The PDF is two pages, with some great custom illustrations and a visual style that perfectly matches the source material.
Mechanically, Scare School uses a d8 pool. Dice succeed on 6+, and 1-2 hits is a complicated success. No hits is a crit fail, and 8+ hits is a crit success. The harder you succeed, the more you build your Fear meter and set up for a Final Scare. Pulling off a Final Scare completes your homework.
There's plenty of tables for random targets, target behaviors, deep fears, and there's a flexible sort of class system where you can randomize your gross, slinky, patchwork monster appearance and uniquely horrible monster ability.
Character creation is quick and setting up play is easy.
That said, there's...a couple of issues I had with Scare School. I'm not sure everyone will encounter them, but they stood out to me.
The first is that you roll randomly for your starting stats. If this goes poorly and you get an all-1s monster, you're going to have a mathematically difficult time building up any Fear.
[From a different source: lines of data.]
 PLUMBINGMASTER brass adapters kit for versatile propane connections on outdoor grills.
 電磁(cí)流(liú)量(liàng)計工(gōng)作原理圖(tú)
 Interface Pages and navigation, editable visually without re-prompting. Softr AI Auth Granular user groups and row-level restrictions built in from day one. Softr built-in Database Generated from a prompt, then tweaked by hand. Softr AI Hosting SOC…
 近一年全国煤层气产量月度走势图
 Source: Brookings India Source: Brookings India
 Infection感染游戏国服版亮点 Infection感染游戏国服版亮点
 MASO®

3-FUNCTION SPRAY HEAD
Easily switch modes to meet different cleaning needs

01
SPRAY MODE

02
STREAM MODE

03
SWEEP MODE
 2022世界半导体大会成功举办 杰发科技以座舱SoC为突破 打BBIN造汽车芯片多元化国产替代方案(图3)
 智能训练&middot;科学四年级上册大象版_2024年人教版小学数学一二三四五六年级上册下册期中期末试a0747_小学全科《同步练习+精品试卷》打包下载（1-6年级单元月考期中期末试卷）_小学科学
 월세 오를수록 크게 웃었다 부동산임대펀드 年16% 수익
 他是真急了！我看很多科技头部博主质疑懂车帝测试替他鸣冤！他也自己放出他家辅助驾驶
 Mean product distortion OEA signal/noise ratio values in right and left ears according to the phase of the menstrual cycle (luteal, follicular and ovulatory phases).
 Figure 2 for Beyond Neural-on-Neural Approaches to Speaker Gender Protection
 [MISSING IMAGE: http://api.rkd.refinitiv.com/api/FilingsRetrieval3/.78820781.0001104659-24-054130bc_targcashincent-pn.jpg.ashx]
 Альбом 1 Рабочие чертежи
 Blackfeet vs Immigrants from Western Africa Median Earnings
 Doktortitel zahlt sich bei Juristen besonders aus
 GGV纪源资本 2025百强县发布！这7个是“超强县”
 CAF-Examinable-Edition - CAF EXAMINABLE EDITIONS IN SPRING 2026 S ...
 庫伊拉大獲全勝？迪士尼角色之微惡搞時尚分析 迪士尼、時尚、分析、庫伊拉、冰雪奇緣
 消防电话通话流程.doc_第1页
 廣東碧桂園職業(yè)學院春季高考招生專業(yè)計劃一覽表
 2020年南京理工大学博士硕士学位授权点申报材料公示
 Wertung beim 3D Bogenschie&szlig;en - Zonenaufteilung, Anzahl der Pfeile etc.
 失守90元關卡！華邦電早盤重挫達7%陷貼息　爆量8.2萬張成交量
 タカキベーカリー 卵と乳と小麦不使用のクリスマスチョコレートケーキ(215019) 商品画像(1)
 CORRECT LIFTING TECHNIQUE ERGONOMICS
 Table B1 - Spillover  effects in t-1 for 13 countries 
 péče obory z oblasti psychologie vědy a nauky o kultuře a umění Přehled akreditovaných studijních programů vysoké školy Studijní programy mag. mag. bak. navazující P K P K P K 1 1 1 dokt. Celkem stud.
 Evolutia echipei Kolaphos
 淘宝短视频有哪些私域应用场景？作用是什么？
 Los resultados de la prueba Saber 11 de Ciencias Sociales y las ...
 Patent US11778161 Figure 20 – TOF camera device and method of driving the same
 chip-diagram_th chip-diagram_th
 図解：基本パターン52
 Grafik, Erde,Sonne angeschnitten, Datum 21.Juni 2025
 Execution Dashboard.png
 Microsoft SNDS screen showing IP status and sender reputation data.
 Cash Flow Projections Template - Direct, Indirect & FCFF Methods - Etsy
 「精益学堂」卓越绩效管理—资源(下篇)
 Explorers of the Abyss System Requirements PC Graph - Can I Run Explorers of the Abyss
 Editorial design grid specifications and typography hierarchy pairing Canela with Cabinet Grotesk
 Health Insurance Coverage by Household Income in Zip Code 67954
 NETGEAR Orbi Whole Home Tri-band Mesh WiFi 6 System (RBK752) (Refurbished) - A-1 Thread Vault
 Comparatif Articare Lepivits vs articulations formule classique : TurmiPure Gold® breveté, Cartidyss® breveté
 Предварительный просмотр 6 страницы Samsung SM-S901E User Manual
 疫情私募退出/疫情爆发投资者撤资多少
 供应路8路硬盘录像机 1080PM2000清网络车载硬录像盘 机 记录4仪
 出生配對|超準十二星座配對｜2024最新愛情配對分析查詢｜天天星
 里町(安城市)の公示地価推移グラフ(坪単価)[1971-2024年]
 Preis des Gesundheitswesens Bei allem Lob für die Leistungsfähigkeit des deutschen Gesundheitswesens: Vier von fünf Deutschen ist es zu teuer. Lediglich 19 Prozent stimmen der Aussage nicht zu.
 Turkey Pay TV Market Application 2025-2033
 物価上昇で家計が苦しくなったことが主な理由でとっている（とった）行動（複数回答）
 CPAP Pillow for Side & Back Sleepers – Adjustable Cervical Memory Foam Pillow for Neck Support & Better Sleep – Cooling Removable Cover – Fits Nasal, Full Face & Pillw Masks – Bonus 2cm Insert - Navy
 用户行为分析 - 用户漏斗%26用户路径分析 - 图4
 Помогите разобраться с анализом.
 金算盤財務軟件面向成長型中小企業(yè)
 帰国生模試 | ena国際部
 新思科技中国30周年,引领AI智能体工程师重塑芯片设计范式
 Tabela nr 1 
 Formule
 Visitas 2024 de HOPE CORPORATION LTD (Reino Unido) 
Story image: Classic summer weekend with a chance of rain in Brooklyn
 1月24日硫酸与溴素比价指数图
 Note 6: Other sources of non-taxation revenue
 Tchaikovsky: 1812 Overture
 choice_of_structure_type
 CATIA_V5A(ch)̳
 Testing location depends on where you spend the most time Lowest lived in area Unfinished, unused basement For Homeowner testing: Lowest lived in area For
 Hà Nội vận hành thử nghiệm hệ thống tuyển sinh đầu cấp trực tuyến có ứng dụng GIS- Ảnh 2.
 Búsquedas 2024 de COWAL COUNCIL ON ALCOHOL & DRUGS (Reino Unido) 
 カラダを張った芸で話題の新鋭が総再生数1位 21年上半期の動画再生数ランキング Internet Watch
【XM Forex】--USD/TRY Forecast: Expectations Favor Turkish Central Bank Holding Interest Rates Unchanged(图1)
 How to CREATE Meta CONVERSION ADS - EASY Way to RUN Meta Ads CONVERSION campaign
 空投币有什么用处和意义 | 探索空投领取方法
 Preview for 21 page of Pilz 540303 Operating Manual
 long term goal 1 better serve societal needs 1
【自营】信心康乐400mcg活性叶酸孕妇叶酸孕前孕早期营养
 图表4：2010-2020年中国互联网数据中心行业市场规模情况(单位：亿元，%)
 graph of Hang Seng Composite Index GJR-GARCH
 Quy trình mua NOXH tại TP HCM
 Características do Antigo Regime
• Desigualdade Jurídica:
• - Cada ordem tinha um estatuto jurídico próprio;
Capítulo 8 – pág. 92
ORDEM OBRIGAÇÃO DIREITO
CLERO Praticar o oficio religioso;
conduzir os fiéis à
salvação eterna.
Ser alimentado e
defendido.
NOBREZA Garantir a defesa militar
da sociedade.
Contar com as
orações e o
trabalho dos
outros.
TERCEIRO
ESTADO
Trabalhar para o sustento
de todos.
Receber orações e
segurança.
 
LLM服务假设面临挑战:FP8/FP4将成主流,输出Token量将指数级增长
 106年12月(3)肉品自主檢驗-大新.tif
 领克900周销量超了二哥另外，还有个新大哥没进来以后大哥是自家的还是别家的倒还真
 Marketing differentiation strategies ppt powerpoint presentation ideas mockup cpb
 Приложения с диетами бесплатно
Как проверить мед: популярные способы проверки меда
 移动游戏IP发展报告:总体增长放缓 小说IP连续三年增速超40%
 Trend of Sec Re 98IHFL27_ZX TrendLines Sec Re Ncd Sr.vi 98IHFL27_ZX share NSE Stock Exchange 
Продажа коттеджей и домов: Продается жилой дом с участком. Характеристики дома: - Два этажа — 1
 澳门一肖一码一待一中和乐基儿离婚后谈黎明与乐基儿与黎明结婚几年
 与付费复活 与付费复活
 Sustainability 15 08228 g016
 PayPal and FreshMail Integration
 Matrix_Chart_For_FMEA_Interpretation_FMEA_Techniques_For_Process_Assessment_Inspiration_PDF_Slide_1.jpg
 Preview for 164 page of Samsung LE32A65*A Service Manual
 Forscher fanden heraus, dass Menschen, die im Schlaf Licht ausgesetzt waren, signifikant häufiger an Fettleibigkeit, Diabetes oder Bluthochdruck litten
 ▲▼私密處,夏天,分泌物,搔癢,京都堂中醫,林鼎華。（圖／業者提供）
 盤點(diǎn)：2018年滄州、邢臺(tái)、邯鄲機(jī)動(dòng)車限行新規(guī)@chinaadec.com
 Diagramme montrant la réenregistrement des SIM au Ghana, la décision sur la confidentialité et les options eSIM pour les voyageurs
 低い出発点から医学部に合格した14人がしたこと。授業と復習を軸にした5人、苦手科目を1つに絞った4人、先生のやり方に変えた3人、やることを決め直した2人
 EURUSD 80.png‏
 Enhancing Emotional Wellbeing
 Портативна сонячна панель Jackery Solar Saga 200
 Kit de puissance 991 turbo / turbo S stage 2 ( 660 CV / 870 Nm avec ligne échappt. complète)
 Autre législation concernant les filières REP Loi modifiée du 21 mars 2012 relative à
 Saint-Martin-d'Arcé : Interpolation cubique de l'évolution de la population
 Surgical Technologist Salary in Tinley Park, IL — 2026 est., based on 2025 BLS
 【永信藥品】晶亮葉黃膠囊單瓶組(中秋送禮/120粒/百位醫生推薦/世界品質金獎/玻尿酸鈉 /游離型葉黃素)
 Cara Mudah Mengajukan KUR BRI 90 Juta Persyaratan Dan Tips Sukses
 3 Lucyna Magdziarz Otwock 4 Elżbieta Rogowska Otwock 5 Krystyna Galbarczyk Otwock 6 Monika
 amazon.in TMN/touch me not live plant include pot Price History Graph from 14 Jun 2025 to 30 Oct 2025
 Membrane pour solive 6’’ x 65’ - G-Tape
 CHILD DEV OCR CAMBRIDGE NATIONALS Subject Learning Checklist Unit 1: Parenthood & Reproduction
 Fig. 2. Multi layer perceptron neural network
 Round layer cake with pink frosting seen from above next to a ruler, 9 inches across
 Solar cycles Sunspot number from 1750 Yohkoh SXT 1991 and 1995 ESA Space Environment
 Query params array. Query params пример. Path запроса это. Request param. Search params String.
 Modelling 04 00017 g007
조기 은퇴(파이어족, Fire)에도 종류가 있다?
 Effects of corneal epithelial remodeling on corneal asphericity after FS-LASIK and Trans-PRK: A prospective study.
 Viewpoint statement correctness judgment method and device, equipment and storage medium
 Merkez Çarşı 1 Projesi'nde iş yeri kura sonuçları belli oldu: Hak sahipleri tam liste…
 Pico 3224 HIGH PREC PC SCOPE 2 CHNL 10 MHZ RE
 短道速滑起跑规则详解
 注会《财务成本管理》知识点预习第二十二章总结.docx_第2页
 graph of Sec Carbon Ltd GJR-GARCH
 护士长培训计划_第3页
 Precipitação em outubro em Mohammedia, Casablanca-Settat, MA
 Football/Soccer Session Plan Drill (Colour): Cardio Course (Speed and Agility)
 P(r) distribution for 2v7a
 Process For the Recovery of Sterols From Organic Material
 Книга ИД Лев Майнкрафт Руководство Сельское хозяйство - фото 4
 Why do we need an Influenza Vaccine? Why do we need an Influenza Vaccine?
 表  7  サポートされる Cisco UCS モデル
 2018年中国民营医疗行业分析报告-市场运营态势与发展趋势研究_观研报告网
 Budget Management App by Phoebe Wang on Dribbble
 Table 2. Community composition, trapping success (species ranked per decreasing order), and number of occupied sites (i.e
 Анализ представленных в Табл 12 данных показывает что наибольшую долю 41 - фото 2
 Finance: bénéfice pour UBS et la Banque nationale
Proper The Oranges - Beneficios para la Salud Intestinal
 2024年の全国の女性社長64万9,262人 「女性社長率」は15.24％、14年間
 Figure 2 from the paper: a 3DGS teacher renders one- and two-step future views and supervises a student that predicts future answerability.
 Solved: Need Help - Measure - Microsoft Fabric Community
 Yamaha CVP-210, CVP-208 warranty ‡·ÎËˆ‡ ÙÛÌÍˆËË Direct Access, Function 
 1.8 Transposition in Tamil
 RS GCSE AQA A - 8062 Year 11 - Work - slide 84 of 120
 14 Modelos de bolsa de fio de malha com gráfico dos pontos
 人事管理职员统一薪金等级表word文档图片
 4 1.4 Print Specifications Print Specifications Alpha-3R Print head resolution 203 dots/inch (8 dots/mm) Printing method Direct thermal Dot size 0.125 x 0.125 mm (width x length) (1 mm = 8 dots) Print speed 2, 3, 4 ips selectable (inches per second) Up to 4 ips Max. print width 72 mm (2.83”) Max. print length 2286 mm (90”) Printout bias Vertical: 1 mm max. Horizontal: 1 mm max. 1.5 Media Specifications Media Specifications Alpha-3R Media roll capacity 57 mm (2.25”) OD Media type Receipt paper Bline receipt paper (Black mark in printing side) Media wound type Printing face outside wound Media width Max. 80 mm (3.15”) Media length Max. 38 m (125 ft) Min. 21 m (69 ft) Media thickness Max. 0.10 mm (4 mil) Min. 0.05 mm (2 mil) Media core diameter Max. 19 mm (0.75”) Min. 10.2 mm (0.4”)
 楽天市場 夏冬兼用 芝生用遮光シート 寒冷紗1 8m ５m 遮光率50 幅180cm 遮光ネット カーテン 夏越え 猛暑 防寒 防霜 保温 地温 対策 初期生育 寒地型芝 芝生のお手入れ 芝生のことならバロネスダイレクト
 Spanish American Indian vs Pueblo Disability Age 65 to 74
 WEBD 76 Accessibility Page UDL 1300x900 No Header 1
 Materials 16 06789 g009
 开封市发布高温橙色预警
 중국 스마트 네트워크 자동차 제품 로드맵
The game doesn't soft-lock, but it might not feel extremely fun unless everyone pitches in and makes the game about helping you get your scare. Simultaneously, improving your character involves rolling over your stats, so if you got good rolls off of the bat, this can make for some frustrating dead levels.
I think I'd recommend an alternate set-up where you get 14 build points to split between your stats, and you can raise a single stat after each session. I think I'd also drop the threshold for a Major Success to 7+ hits, as there's not a lot of dice manipulation in the game and 7+ is hard to achieve even with the hypothetical maximum pool of 11d8 (using a +2d8 Scare and a Deepest Fear.)
My other issue is that...the gameplay is kind of just bullying? Or at least it'll tend that way unless you take care to set up the humans as deserving it or the scares as being essentially harmless. And even then, the Deepest Fears table has stuff like "drowning" or "the growing weight of their own mortality", and the victim reactions table has "talk to themself, repeating affirmations that it isn't real" and "shake, stutter, and cry."
Doing a little work in advance to build a scenario is probably the best way to avoid this. If you punch up, it'll feel less cruel. Alternately, you can do some world-building and explain why scares are important. This might turn your game into Aaaahhh! Real Monsters Inc.!, but I'm not 100% sure that's a bad thing.
Overall, Scare School is a neat, tight system that does a very good job of evoking the cartoon that it's based off of. It runs quickly, it's easy to wrap up, and I think it'd be an excellent convention game or one-shot. I *do* think you want to pre-cook a scenario or else brief the players on how you want them to play it, since otherwise it has the potential to hit an unfun level of dark, but with some basic precautions I think it'll be a light-hearted, wacky good time.